I’ve been battling that battle since my first breath on this planet. I’ll never forget in high school, I was in high school, my American history class, like a good little American kid, and there was literally one paragraph in the 1800s that talked about Native America in my history book. One paragraph. And it was one of those big American history books. And I remember I read it like ten times, and I remember thinking, “This can’t be it.” I remember going to my history teacher and asking, “Why is there only one paragraph about Native History in here?” The high school I went to was about 16 miles off one of the largest reservations in the United States, Wind River in Wyoming. I grew up with my parents, and even though my father is white, we were Native, and we lived on the res[ervation] and all our good friends were Native – so in my mind I was like, “How do they not know this stuff?”
And then as I got out into the world — to California and to college –I really realized, “Alright. We don’t exist. We don’t exist in American history, we don’t exist in American culture outside of stereotypes. We just don’t exist.” Fighting that idea that we don’t exist, that we haven’t existed, that we’re not important to what is America, will be something I will do for the rest of my life. Every single time I make a piece in which I show modern day Indians, I force the viewer to consider that we do still exist. And I know, I’m obviously not the only Native person that has dealt with this. This is something that happens across Native America, across the board.
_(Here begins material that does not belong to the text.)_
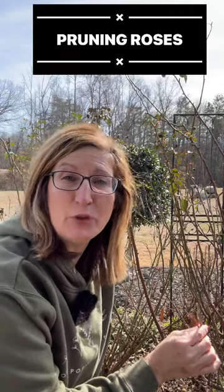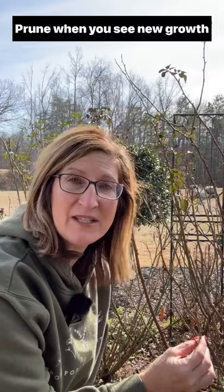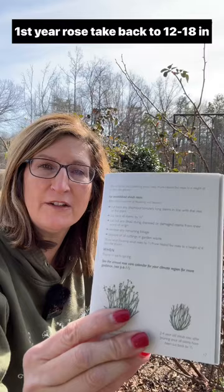It's the time of year to prune this David Austin rose. I'm starting to get a little bit of new growth on this foliage, so it's time to prune. David Austin actually has a great little instruction booklet for roses.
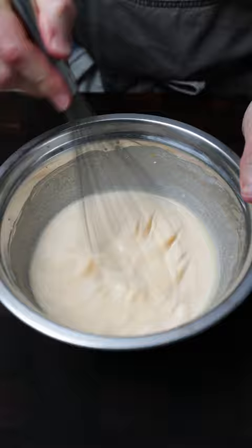Plain flour, whole milk, eggs — whisk. Almost forgot the salt. Let it rest for 15 minutes.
|NDN Art, Dan Barsotti photo|
Lichtenstein did that specific piece because at that time, they were asking themselves the same kind of question – What is art? What does it mean? And the bottom line of that question of are you a Native artist or are you an artist, the real question is: Are you making art?
|Roy Lichtenstein, 1962, Oil on Canvas|
I thought “What is Indian Art?” was an invalid question from the get-go. It just means that you don’t have an understanding of what we do, and how it’s placed in the continuum of art on the planet. I wanted to subvert this question and make it mine, and to do this I wanted to use stereotypical Native imagery – a war bonnet. Are we a stereotype? Am I traditional? I’m traditionally beading; however, I’m beading in neon colors, referencing Lichtenstein. It was one of those things where hopefully everything about the piece questioned every single thing that tried to define it.